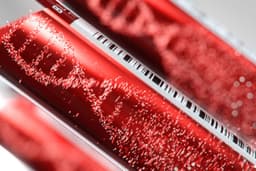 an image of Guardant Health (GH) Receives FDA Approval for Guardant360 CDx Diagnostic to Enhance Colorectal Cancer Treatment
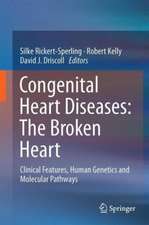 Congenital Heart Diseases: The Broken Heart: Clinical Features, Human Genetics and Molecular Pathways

--

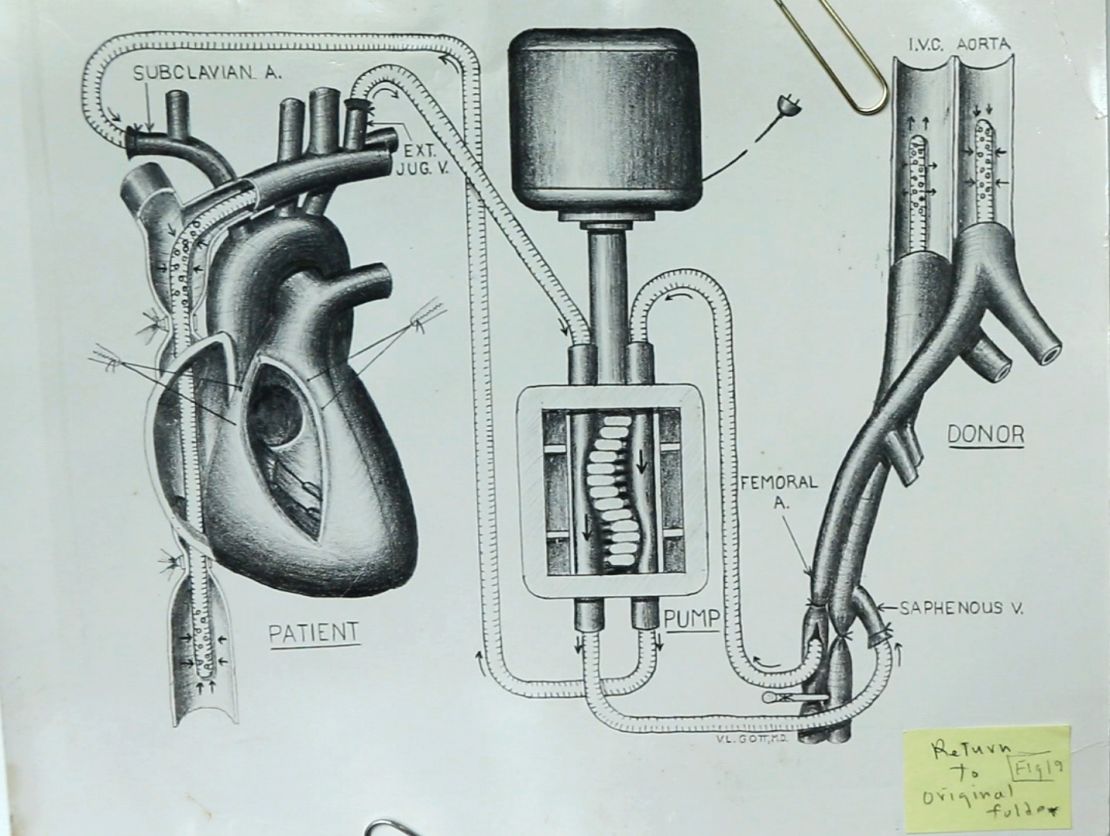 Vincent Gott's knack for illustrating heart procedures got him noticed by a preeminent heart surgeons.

---

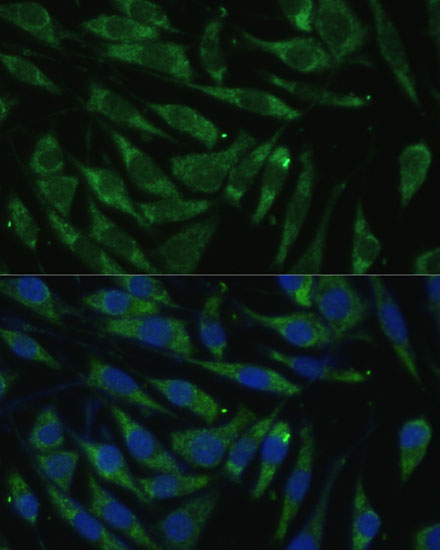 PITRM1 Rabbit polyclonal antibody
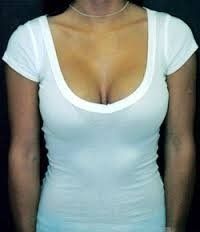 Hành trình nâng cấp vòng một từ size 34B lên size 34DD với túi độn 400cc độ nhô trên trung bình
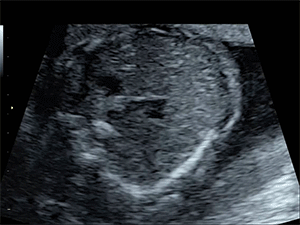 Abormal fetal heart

## Work task
In the material above, the stretch from the line with "Hành trình nâng" through the line with "Abormal fetal heart" is to be given again exactly, minus the pictures.

## Written reply
 Hành trình nâng cấp vòng một từ size 34B lên size 34DD với túi độn 400cc độ nhô trên trung bình
 Abormal fetal heart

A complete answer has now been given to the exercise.